The growing conversation about maternal ambivalence — buoyed by books such as Sheila Heti’s Motherhood and Jacqueline Rose’s Mothers — is shedding light on the ways in which the ideals of motherhood can deviate from reality. But by perceiving the experiences of being a mother exclusively through the lens of white womanhood, it also risks erasing the challenges women of colour face.

Antoinette Lattouf concurs with these struggles. But Lattouf adds that the Arabic community’s experience with physical trauma has seen less awareness around less visible kinds of trauma like post-natal depression. She says that her own experience of illness was exacerbated because she lacked a blueprint for being a Lebanese mother and a professional woman at the same time.

“I struggled to explain my [post-natal depression] to my parents, aunts and uncles because they’d all had eight, 10, 13 children and somehow managed to do it without a mental health condition,” says Lattouf, who’s now an ambassador for the Gidget Foundation, an organisation that raises awareness around the illness and a senior journalist at Network Ten. “When I didn’t have that bond with my child, I was dreaming of being back at work because that was an environment in which I felt I thrived. But that wasn’t something that I thought I could share with members of my community because so many of them have chosen to have children and stay at home full-time.”

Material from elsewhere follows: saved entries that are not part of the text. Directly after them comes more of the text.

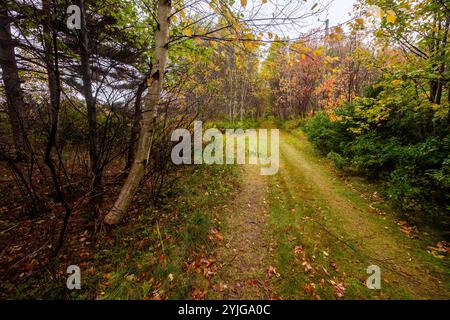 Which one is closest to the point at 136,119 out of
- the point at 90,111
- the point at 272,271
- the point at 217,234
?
the point at 90,111

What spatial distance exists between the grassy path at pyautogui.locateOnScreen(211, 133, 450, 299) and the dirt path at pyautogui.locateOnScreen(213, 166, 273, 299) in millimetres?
15

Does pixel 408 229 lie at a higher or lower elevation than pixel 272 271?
higher

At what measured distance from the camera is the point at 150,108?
317cm

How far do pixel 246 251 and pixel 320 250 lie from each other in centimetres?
146

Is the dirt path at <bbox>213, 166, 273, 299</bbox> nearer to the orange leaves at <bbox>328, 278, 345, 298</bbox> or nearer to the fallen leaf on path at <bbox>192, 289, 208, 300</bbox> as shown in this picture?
the fallen leaf on path at <bbox>192, 289, 208, 300</bbox>

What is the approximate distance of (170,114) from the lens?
16.7 ft

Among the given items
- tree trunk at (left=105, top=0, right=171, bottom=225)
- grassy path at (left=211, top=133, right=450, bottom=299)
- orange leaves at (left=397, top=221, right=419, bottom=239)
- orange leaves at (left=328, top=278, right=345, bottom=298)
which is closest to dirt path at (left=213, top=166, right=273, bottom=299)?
grassy path at (left=211, top=133, right=450, bottom=299)

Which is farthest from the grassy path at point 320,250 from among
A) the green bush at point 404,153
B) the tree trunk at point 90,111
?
the tree trunk at point 90,111

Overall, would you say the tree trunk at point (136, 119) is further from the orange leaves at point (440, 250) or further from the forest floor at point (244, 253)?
the orange leaves at point (440, 250)

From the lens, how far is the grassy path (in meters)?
2.87

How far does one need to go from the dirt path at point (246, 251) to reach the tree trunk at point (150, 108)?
2.12 metres

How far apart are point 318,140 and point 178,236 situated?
837 centimetres

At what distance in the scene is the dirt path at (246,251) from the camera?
2864 mm

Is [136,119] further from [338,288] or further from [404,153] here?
[404,153] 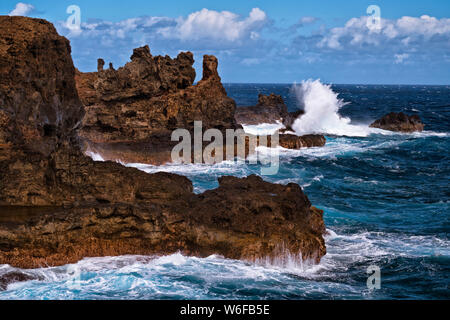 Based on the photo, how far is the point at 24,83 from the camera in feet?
61.3

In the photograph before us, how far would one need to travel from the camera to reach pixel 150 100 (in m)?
34.9

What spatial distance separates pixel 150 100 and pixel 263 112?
2231cm

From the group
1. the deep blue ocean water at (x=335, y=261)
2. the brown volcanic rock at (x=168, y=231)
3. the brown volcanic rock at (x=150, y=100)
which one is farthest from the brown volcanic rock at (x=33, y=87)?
the brown volcanic rock at (x=150, y=100)

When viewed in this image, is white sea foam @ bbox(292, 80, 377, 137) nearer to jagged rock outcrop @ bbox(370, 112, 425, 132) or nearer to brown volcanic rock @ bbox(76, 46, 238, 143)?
jagged rock outcrop @ bbox(370, 112, 425, 132)

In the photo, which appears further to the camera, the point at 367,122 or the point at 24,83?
the point at 367,122

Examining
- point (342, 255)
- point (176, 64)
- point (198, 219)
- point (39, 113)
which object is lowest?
point (342, 255)

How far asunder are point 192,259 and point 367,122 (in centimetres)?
5079

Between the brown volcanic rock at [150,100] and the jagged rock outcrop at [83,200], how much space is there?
13173mm

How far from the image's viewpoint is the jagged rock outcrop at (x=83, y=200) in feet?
44.3

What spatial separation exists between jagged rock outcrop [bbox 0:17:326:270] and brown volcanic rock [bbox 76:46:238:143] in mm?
13173

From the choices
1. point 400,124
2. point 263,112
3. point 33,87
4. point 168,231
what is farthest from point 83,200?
point 400,124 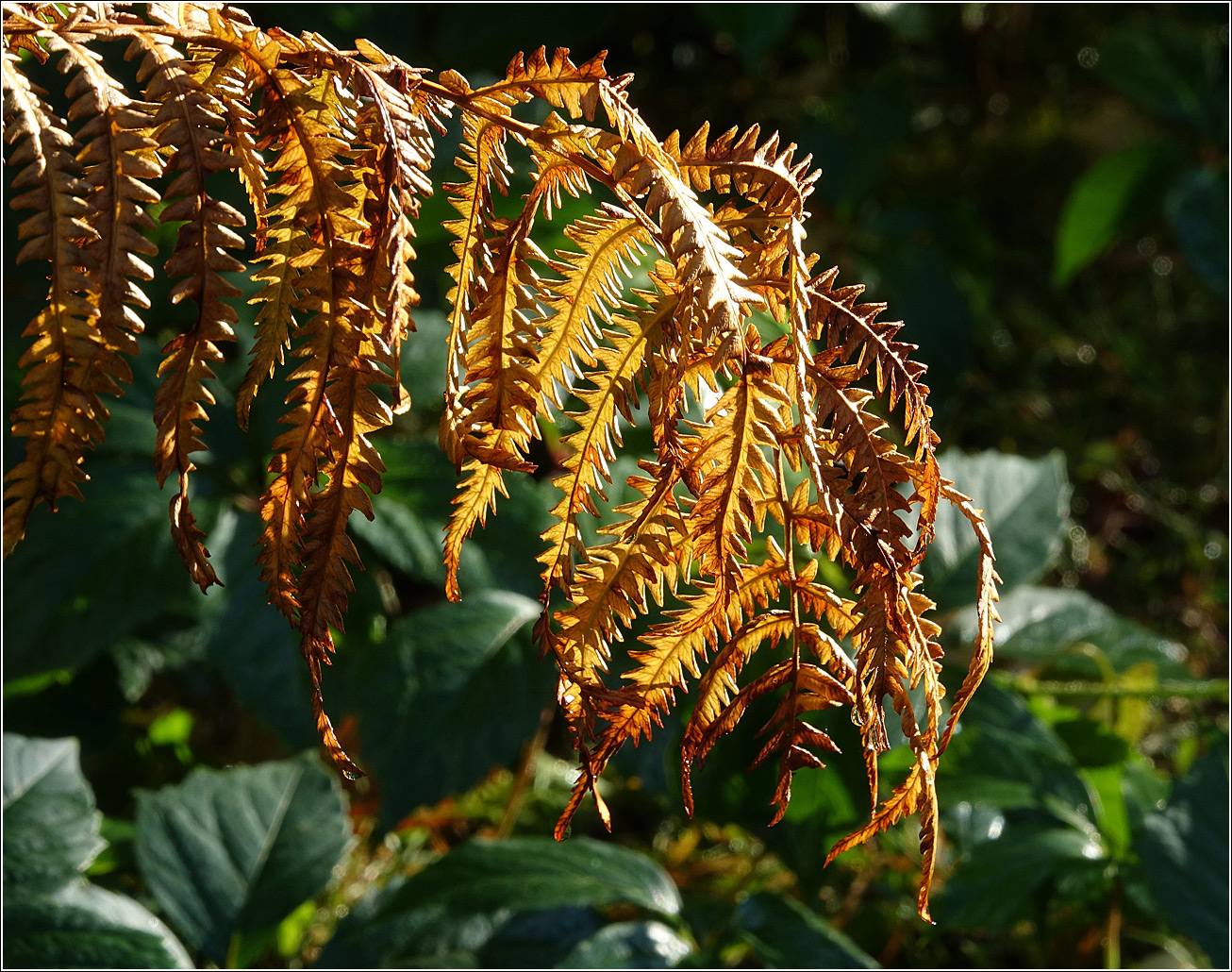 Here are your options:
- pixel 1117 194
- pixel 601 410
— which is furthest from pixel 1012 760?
pixel 1117 194

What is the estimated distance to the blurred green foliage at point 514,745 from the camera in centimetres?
108

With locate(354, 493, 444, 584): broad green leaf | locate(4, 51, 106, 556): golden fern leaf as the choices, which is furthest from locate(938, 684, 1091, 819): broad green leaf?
locate(4, 51, 106, 556): golden fern leaf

Jessica Friedmann is drawn to the word ‘matrescence’, a term, conceived by the anthropologist Dana Rafael to describe the “period of psychic and physical change in which a woman becomes a mother.” But Friedman, who’s the author of Things That Helped, a collection of essays that meditates on her own experience of post-natal depression, says that it’s important to remember that motherhood is a political category — one that’s defined not just by biology but by race, sexuality and disability as well as the sociocultural systems that shape our world.

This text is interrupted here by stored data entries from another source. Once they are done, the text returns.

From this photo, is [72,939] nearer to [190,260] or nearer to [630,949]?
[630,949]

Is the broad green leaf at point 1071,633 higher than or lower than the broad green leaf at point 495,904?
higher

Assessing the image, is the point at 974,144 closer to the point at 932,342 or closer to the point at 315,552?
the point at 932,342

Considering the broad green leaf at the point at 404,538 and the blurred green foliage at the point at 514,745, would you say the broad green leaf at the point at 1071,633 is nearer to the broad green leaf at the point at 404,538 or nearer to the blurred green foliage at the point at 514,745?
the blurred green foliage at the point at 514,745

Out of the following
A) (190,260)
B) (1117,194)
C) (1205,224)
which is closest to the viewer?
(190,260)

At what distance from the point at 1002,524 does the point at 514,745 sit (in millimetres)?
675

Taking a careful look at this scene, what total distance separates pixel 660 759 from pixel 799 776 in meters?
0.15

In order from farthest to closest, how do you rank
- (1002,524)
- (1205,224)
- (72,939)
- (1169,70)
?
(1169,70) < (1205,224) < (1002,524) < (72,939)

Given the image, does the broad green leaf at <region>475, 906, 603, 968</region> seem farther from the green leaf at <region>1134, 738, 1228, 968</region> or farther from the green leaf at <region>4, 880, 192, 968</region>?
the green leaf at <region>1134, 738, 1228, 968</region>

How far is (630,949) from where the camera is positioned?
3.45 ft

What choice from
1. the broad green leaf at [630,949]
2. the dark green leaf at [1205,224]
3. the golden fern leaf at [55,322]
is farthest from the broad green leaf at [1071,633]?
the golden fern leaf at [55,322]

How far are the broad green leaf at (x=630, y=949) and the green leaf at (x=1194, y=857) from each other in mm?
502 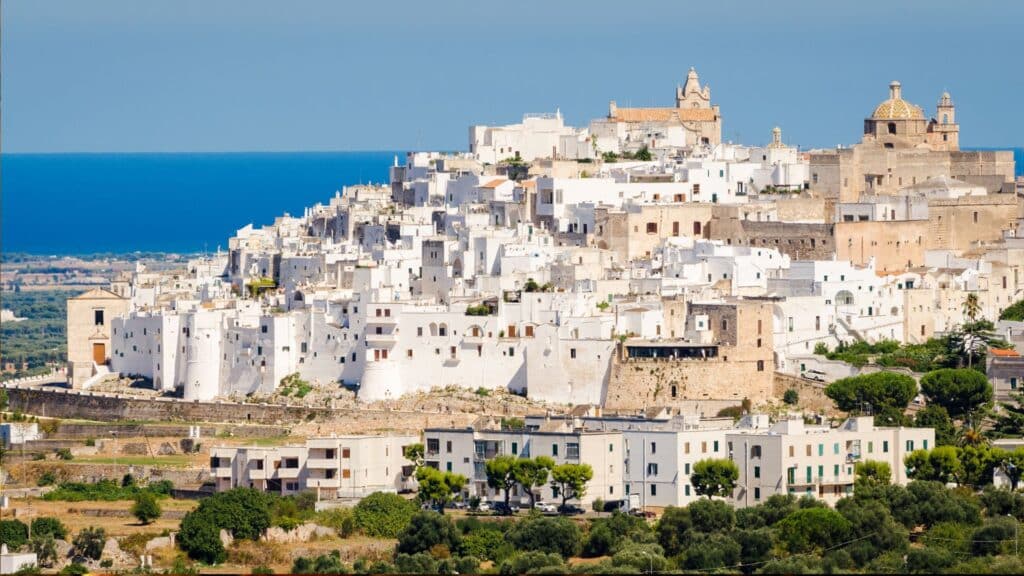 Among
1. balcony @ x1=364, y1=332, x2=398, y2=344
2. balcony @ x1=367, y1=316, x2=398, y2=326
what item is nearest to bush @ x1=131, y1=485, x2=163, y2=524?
balcony @ x1=364, y1=332, x2=398, y2=344

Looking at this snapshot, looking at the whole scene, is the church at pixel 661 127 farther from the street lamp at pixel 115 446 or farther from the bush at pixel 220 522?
the bush at pixel 220 522

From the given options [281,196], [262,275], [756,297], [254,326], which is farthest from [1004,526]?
[281,196]

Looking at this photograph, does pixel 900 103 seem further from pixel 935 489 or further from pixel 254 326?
pixel 935 489

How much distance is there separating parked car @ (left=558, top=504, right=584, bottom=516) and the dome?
26.7 meters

“In Australia, we have a really difficult time speaking about any health crisis that is caused by psychosocial factors,” she explains. “We want it swept under the rug — whether by sentimentalising motherhood or by not providing sufficient services for new mothers in psychiatric crisis. But post-natal depression is a public health crisis, and it’s only by treating it as such that we’ll make any progress.”